By Bree Brouwer (Contributing Writer, Women 2.0)

Most venture capitalists want a few specific outcomes when they invest in a small business or startup. They’d like the business to succeed, and they’d of course love to report back to their firm’s investors that they’re seeing positive financial returns.

But Crystal Tech Fund goes far beyond either of those goals.

The $50 million Crystal Tech Fund is one part of the Disruption Corporation, founded by Paul Singh, and focuses on providing investments to businesses sorely overlooked in the VC world: those in-between their seed and secondary funding stages. In a Washington Post story, Singh revealed that initial investments in 30 or 40 companies will start at $250,000.
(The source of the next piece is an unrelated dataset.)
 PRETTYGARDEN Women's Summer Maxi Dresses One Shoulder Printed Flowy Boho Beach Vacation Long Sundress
“In my previous investing, I was at the stage where I was still asking the question, ‘Will this work?’” Singh said. “I’m now investing in the stage where I’m saying, ‘How big could this be?’”

Singh said most of the companies Crystal Tech helps out are ones that have some prototype or revenue, have received at least $1 million in funding already, and are trying to figure out what kind of business they’re going to be.
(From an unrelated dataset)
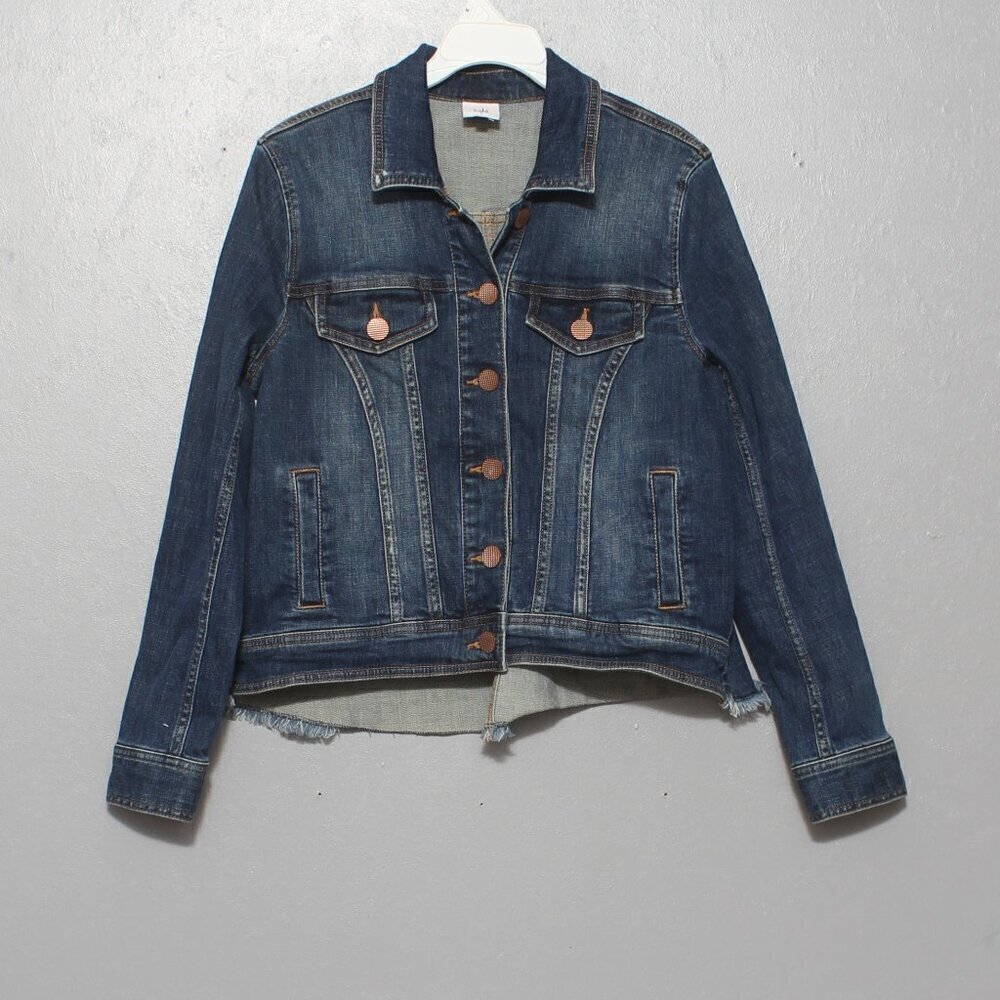 Cabi denim soft stretch raw hem dark wash jean jacket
“We’re really just trying to fill the gap between what traditional angel investors are able to do, and what some of the bigger institutional VCs are able to do,” Singh said. “There’s so many people trying to help companies get an inch off the ground, either through giving them seed stage money or putting them through an accelerator or whatever, but once the company gets an inch off the ground, nobody’s really there to help them get a foot off the ground before the big guys can jump in with more money.”

It’s Not All About the Money

As helpful it is that Crystal Tech Fund fills in the gap in the venture capitalist world, that’s not good enough for Singh. He wants to go beyond the idea that funding companies should only ever provide startup revenue or additional capital.

“Companies succeed despite the investors, not because of them,” he said. “Our job is to provide money plus anything else the founders might reasonably need. If they want to have high-quality office space, we have that. If they want to have great apartments, believe it or not, we have those across the street. If they want good food, we’ve got celebrity chefs downstairs from Food Network making food all the time.”

As such, Crystal Tech Fund works off the idea that for businesses to be successful, VCs must also focus on developing the local community, economy and culture.

“Now that I know I personally don’t add much value other than connectivity and money, now it’s like, ‘Let me go ahead and influence the city in a way that would allow companies to be the most productive that they could ever be,” Singh said.

If You Build It, the Tech Will Come

“Through Crystal Tech Fund and through all of our other efforts through Disruption Corporation on the one-year timeline, I’m going to create the best place to live, work, play and grow if you’re a high-growth technology company. And on the 5-year timeline, I believe I can create the model of how all future cities in the United States should think about how to integrate technology workers into every part of city building.”

For example, Singh mentioned that cities should be figuring out how to include cafes and outdoor lounges to stimulate the creative and artistic professionals in their communities. He stated that Crystal Tech Fund’s really “taking a holistic view to the whole thing.”

“Let’s just make it really easy for [people] to focus on building the thing that they love, which is hopefully whatever that company is they started,” Singh said.

And in terms of the future of American cities, Singh discussed how technology companies that historically make it off the ground tend to bring in more revenue per employee, there’s more expendable income there to help develop the surrounding economy.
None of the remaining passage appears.